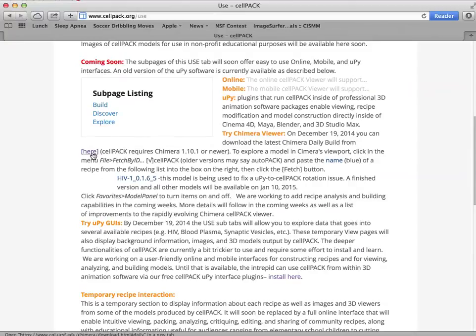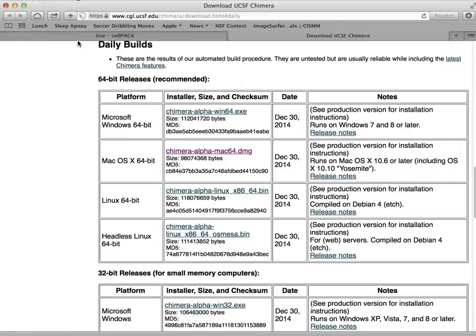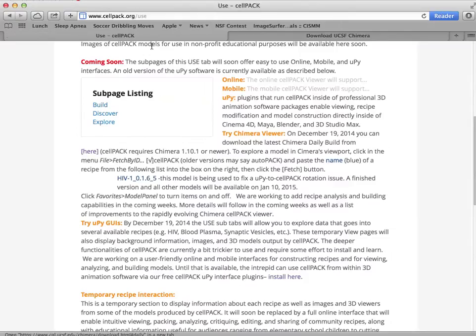You have to get the latest version of Chimera by clicking on the link here and going to find the correct daily build for the platform of your preference.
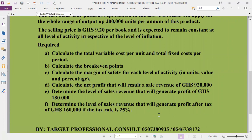Part E — determine the level of sales revenue that will generate a profit of GHC 180,000. This is essentially a break-even calculation at a target profit level.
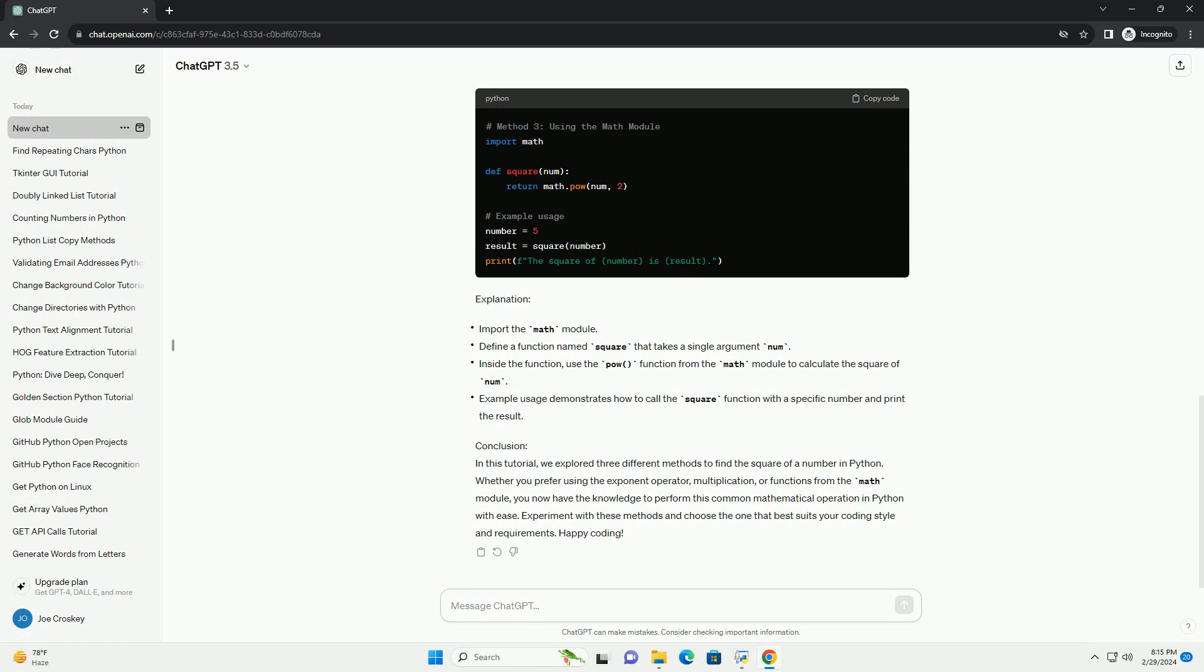multiplication, or functions from the math module, you now have the knowledge to perform this common mathematical operation in Python with ease. Experiment with these methods and choose the one that best suits your coding style and requirements. Happy coding! Chat GPT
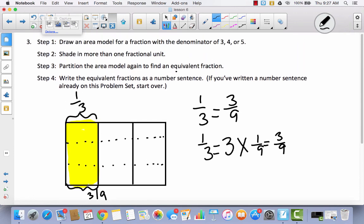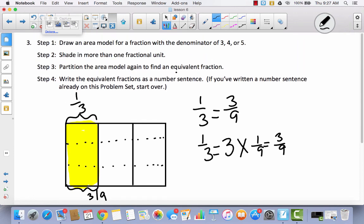We've spent this entire lesson talking about equivalent fractions and how you can take an area model and decompose it into parts. In every single area model, we never went back and shaded in more — we always began with a shaded portion and never added or erased any. So our fractions stayed the same exact amount; we just broke them into smaller pieces, just like breaking a cookie into three parts — it's still the same cookie, just broken apart. That's why these fractions are equal. We'll continue building on this concept in the next lesson.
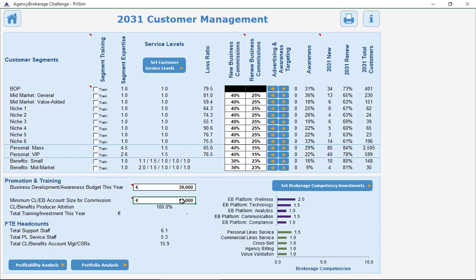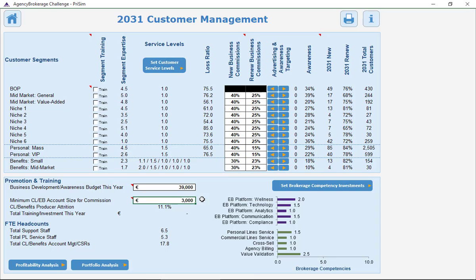So there's probably a balanced solution for your brokerage. Let's try 3,000 euros. Now you can see that our attrition is back to around 11%. You decide what the right number is for your brokerage that doesn't break the bank for your company, but also doesn't drive producers away.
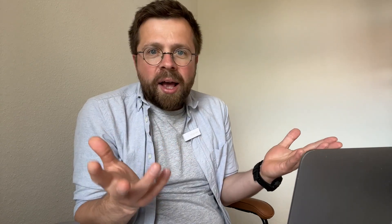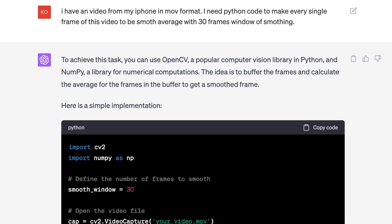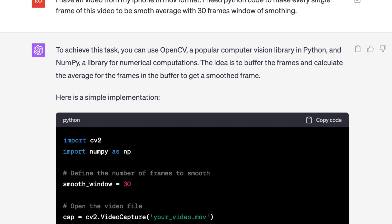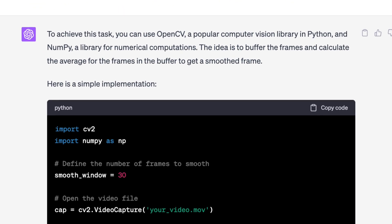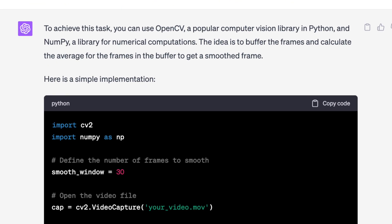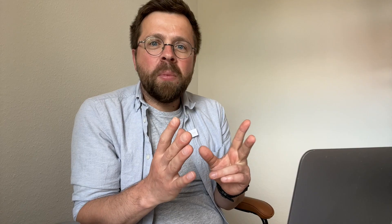Naturally, ChatGPT should handle such a task without a problem. So I asked ChatGPT — with errors, with broken English — and ChatGPT not only understood what I wanted but also instantly provided me with a program that actually worked.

=======

Task requirements ->
Transcribe the full listing above exactly, with the images removed.

Output for this exercise ->
You have to get the latest version of Chimera by clicking on the link here and going to find the correct daily build for the platform of your preference.
Part E — determine the level of sales revenue that will generate a profit of GHC 180,000. This is essentially a break-even calculation at a target profit level.
multiplication, or functions from the math module, you now have the knowledge to perform this common mathematical operation in Python with ease. Experiment with these methods and choose the one that best suits your coding style and requirements. Happy coding! Chat GPT
We've spent this entire lesson talking about equivalent fractions and how you can take an area model and decompose it into parts. In every single area model, we never went back and shaded in more — we always began with a shaded portion and never added or erased any. So our fractions stayed the same exact amount; we just broke them into smaller pieces, just like breaking a cookie into three parts — it's still the same cookie, just broken apart. That's why these fractions are equal. We'll continue building on this concept in the next lesson.
So there's probably a balanced solution for your brokerage. Let's try 3,000 euros. Now you can see that our attrition is back to around 11%. You decide what the right number is for your brokerage that doesn't break the bank for your company, but also doesn't drive producers away.
Naturally, ChatGPT should handle such a task without a problem. So I asked ChatGPT — with errors, with broken English — and ChatGPT not only understood what I wanted but also instantly provided me with a program that actually worked.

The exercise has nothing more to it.